String C11[][] = new String[][] {
    {"Bone Organ", "Short"} , 
    {"Flat Bone" , "Nasal Bone", "Scapula"} 
};

then it might already be pretty difficult to convert this into a form that can sensibly used in CUDA. There is no such thing like a String in C/CUDA, but only char*. Additionally, GPUs don’t like memory indirections, and handling 2D arrays in CUDA is cumbersome (so squeezing your data into a single, 1D char* array would be best, but then, it’s very likely that the conversion and data transfer will eat up all performance gains that you might get from CUDA…)

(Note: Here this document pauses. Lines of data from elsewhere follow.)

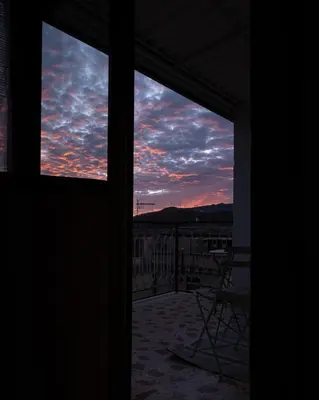 a view of a sunset through a window at Casa Donna Pippina in Villafrati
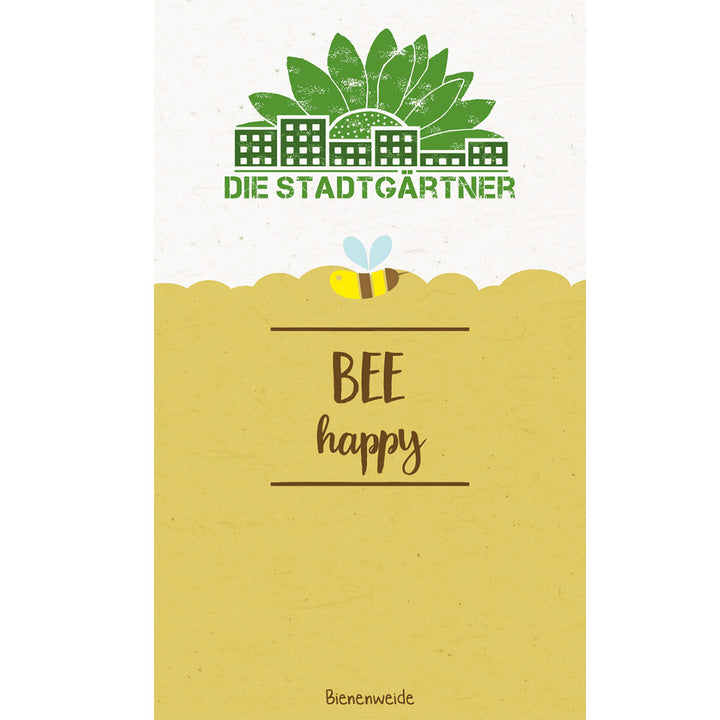 Ilustración con el texto "DIE STADTGÄRTNER BEE happy" y la imagen de una abeja sobre un prado de flores estilizado, con casas y árboles al fondo.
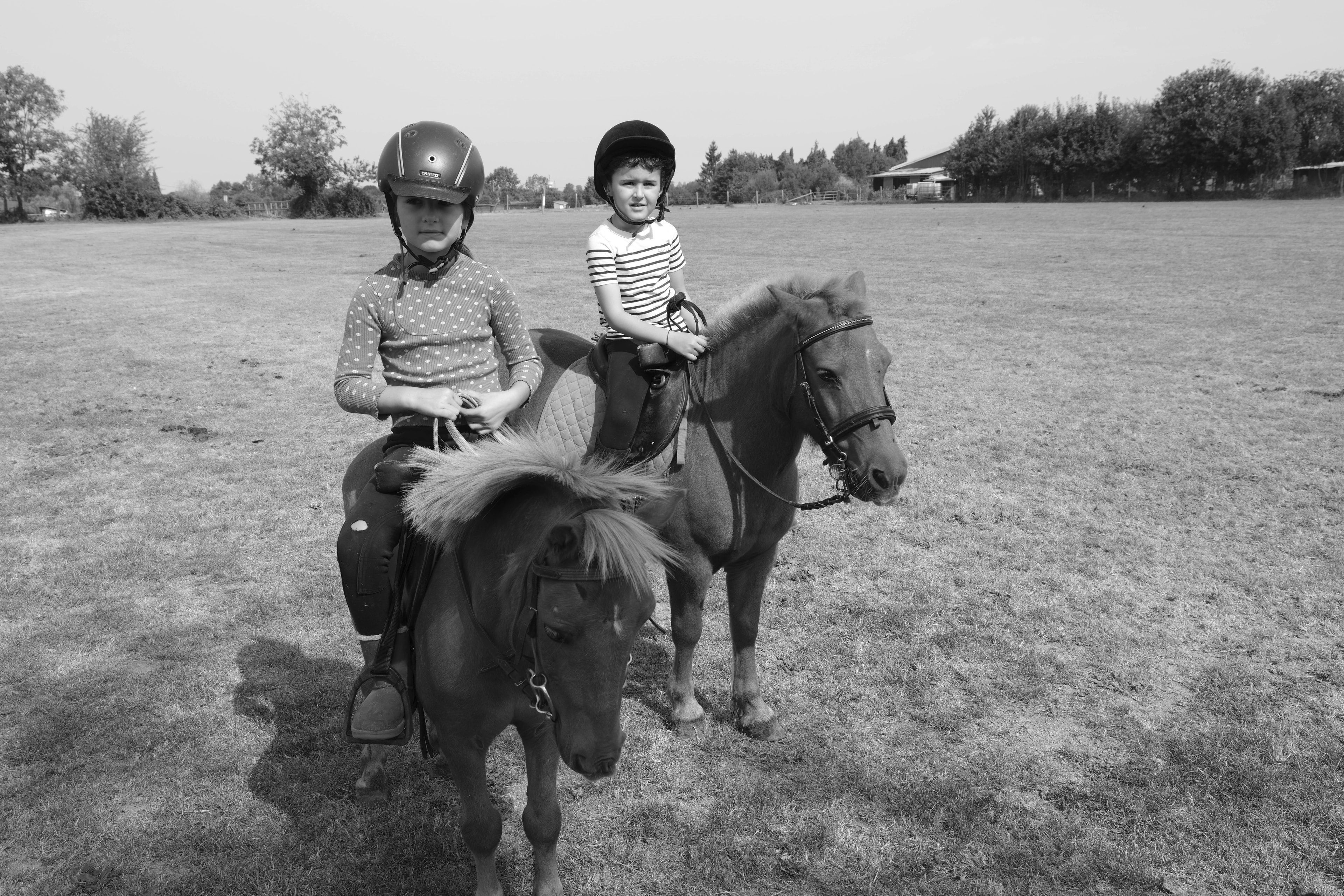 Two children on ponies, learning to ride at the polo grounds — Été à Saint-André-d'Hébertot, Normandy 2025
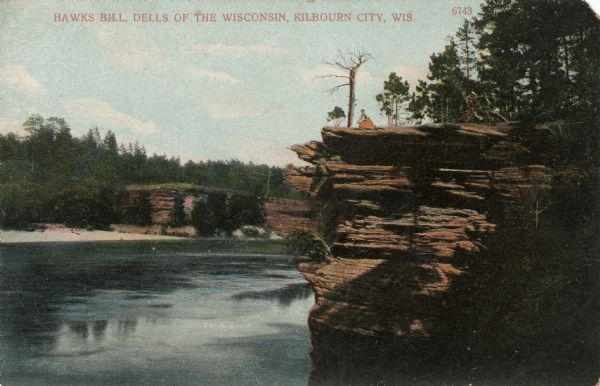 Illustration of a bluff at the Dells, with a woman is sitting on the top near a tree. There are bluffs on the other side of the river in the background.Caption reads: "Hawk's Bill, Dells of the Wisconsin, Kilbourn City, Wis."
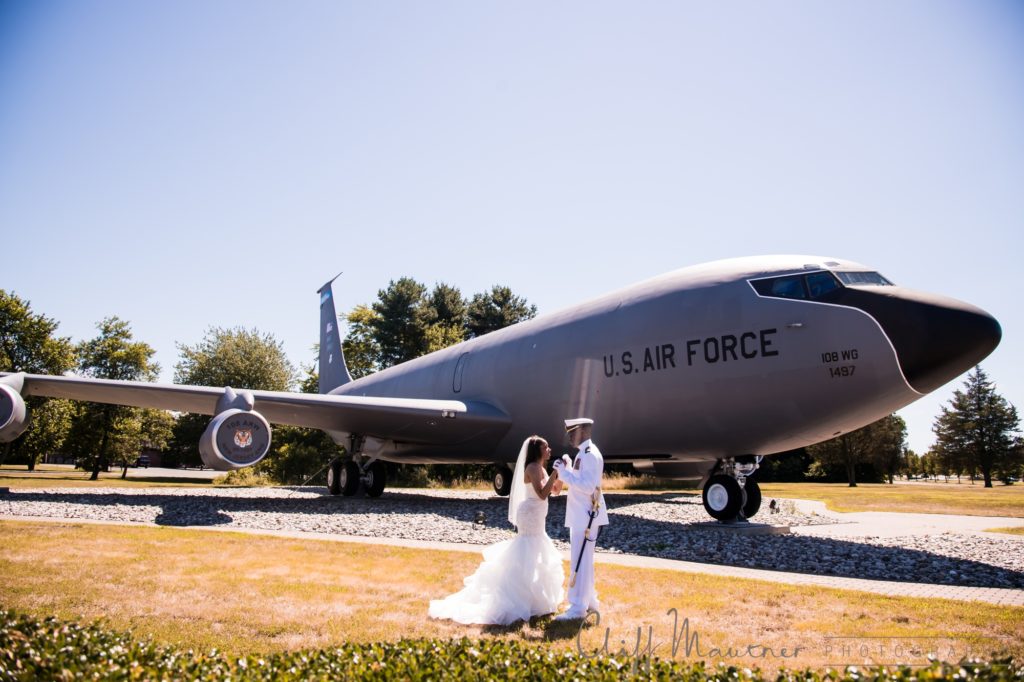 Bride and groom on their wedding day at Fort Dix, New Jersey with a United States Air Force plane in the background.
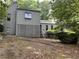 Two-story home featuring neutral siding, a lattice privacy screen and partially wooded front yard at 3090 Alberta Dr, Marietta, GA 30062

O.K. I’ll do the tokenization on host. So, I need to pass a data structure from host to device as follows
{ Bone, Organ, Short, Flat, Bone, Nasal Bone,Scapula}
from Jcuda to cuda, give me the code. please.
I am so sorry for inconvenience.

There are several options for this:

  1. You could convert the data into a 2D array that is then passed to the GPU - basically a byte[][] on Java side, which is a char** on C side. But 2D arrays are very inconvenient to handle with CUDA, and not very efficient (you’d have to copy each word individually)

  2. You could convert the data into a 1D-representation of a 2D array, with a fixed word length.

    Bone......
    Organ.....
    Short.....
    Nasal Bone
    

    This would basically mean that you store the data in an 1D (!) array that has the size of (numberOfWords)x(lengthOfLongestWord), and additionally, store the length of each word in an int[] array.

  3. You could store the data in a 1D array, and an int[] array storing the length of each word (or the start index of each word, equivalently)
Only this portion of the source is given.